About two-thirds of Americans feel worn out by the news. There is a lack of consensus, however, on news’ most negative traits. According to the Pew Research Center, 22% of Americans say the most negative thing the media does is report biased news, 18% say journalists make poor choices in what or how to report the news, 16% say the worst thing for news to do is lie, mislead or sensationalize, and 14% highlight too many reports on negative stories.
I love journalism and I love reading. I love stories that bring me into a new reality, one that I wouldn’t have acquainted myself with otherwise. There is an artistry to reporting impactful stories and many journalists out there have perfected this ability. One such story I’ve recently enjoyed is The Spine Collector, a piece done in Vulture by Reeves Wiedeman. This story peers into the publishing industry, detailing an investigation by Wiedeman into discovering the infamous manuscript stealer who shocked the industry in his insatiable need to steal manuscripts without a trace. As someone who’s always been drawn to the book industry, I thoroughly enjoyed this read about one culprit’s obsession with disrupting this industry and the writer’s own obsession into discovering just who this person is. Unlike a lot of journalism, Wiedeman is inserted into this story and is even targeted by the spine collector in the pursuit of uncovering this story.
I’ve also come to love efforts to center positive news amidst the plethora of negative and sometimes overwhelming news of the day. Block Club Chicago launched “It’s All Good: A Block Club Podcast,” hosted by Jon Hansen, in April 2021. The podcast seeks to highlight good news in the city of Chicago, inviting listeners to share their own good news stories with the Block Club team. I sincerely admire this effort.

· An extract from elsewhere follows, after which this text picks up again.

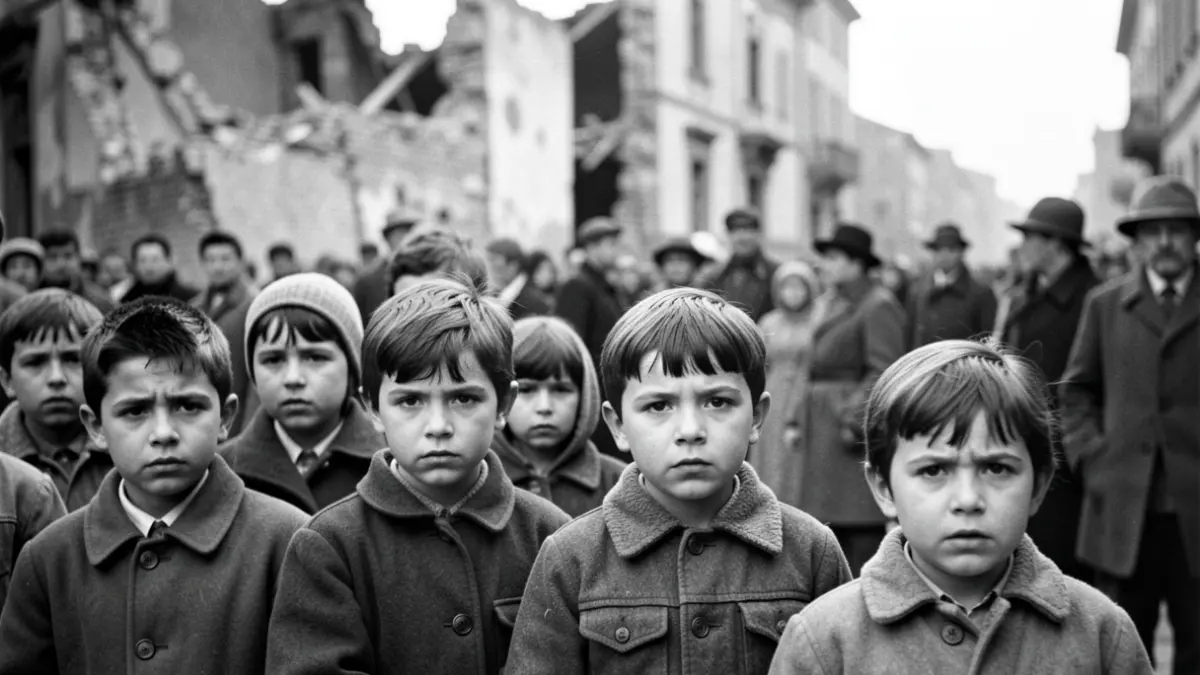 Imagen genérica: Niños de la guerra, con un edificio dañado al fondo.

While it is incredibly important to report on the essential news of the day, good or bad, journalists should make a concerted effort to provide their viewers with news that seek to lift positive community members. As I suspect is also true for many in the journalism field, I wanted to become a journalist to provide important information and news, but to also be an impactful storyteller. Storytelling is a uniquely human endeavor and it helps to unite our cumulative experience. Even for a genre of journalism, such as politics, in which the duty to inform is essential, storytelling in the political journalism field should be just as highly regarded.